--- Assignment ---
Once the line containing "Nespresso Vertuo Plus" has been copied, stop; copy every line before it exactly, beginning with the first line of the material below.

--- Records provided ---
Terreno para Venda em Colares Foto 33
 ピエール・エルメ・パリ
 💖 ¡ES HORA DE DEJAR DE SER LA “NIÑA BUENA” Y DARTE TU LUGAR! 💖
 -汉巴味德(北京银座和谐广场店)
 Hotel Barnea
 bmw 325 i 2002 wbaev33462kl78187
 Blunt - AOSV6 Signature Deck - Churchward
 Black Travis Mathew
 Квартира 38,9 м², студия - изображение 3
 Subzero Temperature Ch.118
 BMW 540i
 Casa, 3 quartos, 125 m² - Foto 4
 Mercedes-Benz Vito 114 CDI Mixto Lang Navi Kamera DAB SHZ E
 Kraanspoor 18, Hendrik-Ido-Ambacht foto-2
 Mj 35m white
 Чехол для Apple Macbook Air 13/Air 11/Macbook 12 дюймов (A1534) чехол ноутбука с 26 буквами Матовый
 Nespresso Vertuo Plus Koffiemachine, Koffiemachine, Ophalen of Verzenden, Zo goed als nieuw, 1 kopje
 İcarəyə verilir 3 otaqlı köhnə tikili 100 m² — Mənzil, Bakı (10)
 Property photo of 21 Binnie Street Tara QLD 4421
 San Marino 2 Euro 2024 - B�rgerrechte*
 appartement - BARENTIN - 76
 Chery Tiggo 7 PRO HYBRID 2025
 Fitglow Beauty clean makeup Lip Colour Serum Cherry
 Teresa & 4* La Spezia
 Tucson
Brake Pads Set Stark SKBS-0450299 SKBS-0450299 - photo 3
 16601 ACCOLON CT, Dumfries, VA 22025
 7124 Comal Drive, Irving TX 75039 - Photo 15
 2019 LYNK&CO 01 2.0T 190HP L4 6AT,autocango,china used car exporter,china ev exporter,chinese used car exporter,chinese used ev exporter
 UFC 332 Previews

--- Output for this task ---
Terreno para Venda em Colares Foto 33
 ピエール・エルメ・パリ
 💖 ¡ES HORA DE DEJAR DE SER LA “NIÑA BUENA” Y DARTE TU LUGAR! 💖
 -汉巴味德(北京银座和谐广场店)
 Hotel Barnea
 bmw 325 i 2002 wbaev33462kl78187
 Blunt - AOSV6 Signature Deck - Churchward
 Black Travis Mathew
 Квартира 38,9 м², студия - изображение 3
 Subzero Temperature Ch.118
 BMW 540i
 Casa, 3 quartos, 125 m² - Foto 4
 Mercedes-Benz Vito 114 CDI Mixto Lang Navi Kamera DAB SHZ E
 Kraanspoor 18, Hendrik-Ido-Ambacht foto-2
 Mj 35m white
 Чехол для Apple Macbook Air 13/Air 11/Macbook 12 дюймов (A1534) чехол ноутбука с 26 буквами Матовый
 Nespresso Vertuo Plus Koffiemachine, Koffiemachine, Ophalen of Verzenden, Zo goed als nieuw, 1 kopje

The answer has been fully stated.